Any comments you have regarding these issues will be greatly appreciated as we are seeking advice from people outside the family.
Many thanks


----------



## Stevan (Jun 30, 2009)

GOULDY said:


> Hi,
> My family and I are planning on moving to South Africa. My wife is a South African living in Northern Ireland. We have two children 9 & 2 years old. We are planning on moving to Alberton-Brackendowns to be closer to her large family who still reside there. Is this an area we should be avoiding or is it OK?
> My wife has experience in the financial sector and i'm a qualified carpenter. Will we have any trouble finding work?
> Any comments you have regarding these issues will be greatly appreciated as we are seeking advice from people outside the family.
> Many thanks


Hi

You do not say wether you have visited before. I do not know this area.

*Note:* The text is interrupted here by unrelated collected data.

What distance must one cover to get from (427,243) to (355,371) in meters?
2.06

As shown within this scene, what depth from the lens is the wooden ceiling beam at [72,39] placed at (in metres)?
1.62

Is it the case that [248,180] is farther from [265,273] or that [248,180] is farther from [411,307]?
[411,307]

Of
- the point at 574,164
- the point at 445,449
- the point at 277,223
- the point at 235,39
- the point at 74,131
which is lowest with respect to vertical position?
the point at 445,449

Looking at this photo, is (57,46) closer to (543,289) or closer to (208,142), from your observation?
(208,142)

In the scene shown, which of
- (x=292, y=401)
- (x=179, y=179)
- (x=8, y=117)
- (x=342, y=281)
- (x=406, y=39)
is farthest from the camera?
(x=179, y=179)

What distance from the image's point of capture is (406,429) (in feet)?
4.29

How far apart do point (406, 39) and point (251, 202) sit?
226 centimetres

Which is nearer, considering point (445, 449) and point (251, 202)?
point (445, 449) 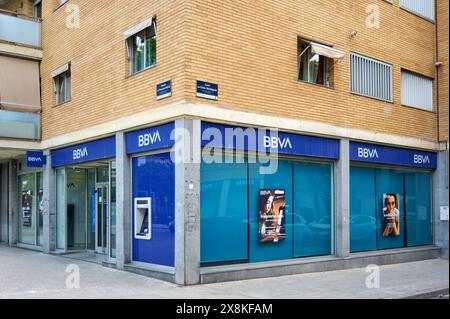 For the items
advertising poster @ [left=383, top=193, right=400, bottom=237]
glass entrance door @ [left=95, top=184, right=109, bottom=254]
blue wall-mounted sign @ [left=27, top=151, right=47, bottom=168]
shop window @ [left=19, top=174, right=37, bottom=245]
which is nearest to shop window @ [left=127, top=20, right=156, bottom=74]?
glass entrance door @ [left=95, top=184, right=109, bottom=254]

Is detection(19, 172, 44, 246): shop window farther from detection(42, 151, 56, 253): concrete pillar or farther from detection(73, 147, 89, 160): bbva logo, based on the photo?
detection(73, 147, 89, 160): bbva logo

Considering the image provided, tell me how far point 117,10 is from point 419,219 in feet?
37.5

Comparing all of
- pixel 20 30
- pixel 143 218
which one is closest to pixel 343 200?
pixel 143 218

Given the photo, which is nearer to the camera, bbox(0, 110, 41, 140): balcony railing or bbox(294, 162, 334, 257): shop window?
bbox(294, 162, 334, 257): shop window

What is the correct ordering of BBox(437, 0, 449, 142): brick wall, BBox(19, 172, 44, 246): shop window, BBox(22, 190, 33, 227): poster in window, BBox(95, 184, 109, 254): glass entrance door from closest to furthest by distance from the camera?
BBox(95, 184, 109, 254): glass entrance door
BBox(437, 0, 449, 142): brick wall
BBox(19, 172, 44, 246): shop window
BBox(22, 190, 33, 227): poster in window

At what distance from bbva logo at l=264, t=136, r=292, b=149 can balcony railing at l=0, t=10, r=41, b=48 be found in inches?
379

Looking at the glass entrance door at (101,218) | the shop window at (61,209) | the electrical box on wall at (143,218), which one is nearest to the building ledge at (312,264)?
the electrical box on wall at (143,218)

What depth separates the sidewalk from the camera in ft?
33.1

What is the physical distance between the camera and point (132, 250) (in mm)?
13250

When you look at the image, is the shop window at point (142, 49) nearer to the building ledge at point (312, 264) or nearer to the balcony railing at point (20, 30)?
the building ledge at point (312, 264)

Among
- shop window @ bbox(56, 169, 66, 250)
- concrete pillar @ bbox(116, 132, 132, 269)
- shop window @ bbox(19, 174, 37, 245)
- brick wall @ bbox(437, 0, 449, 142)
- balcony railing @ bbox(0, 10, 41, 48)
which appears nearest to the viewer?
concrete pillar @ bbox(116, 132, 132, 269)

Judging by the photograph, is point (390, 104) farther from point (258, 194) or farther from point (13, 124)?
point (13, 124)

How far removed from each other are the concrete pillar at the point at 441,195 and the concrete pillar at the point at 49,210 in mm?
12479

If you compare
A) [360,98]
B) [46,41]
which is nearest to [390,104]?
[360,98] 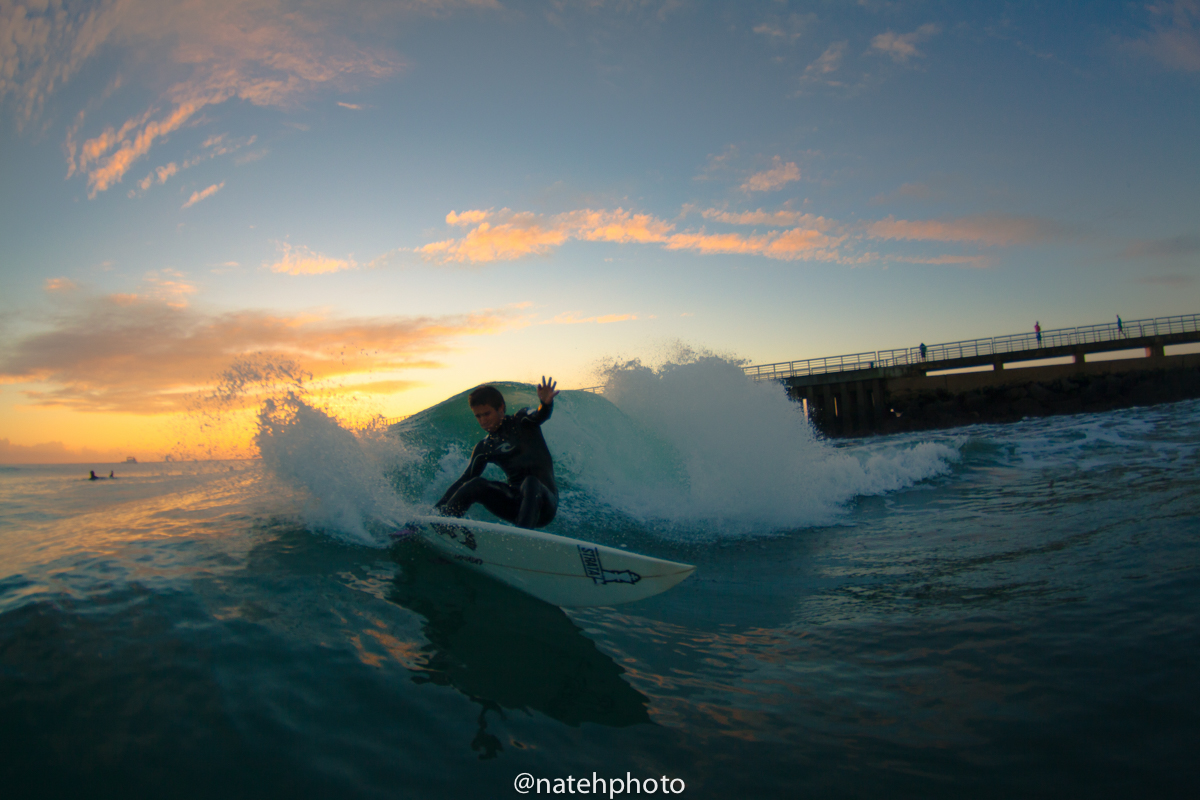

I can only give you my experience. we were in a similar situation as you. We visited many times over the course of a few years before deciding we wanted to move.

South Africa is like Marmite you will either love it or hate it, we love it.

If you have never visited go and try before you buy, and not just once go several times.
Get a feel for the area that you intend to settle in, then decide.

you will get all sorts of advice and opinions, from crime isnt a problem, others will tell you that rivers of blood running down the street will meet you every time you leave your house.

the truth is somwhere between the two. only you can decide if it is right for you and your family.


----------



## arnaud (Jul 29, 2009)

I may say so-so.
Joburg South is not the best place to live in, but it is ok


----------



## GOULDY (Apr 25, 2009)

Hi Stevan, 

Many thanks for your reply.

Sorry I didn't mention but we have been before. We've visited a couple of times and absolutly love the country, but we are unsure about the area. 

You are right though about peoples views. It's a very touchy subject.

Thanks again...


----------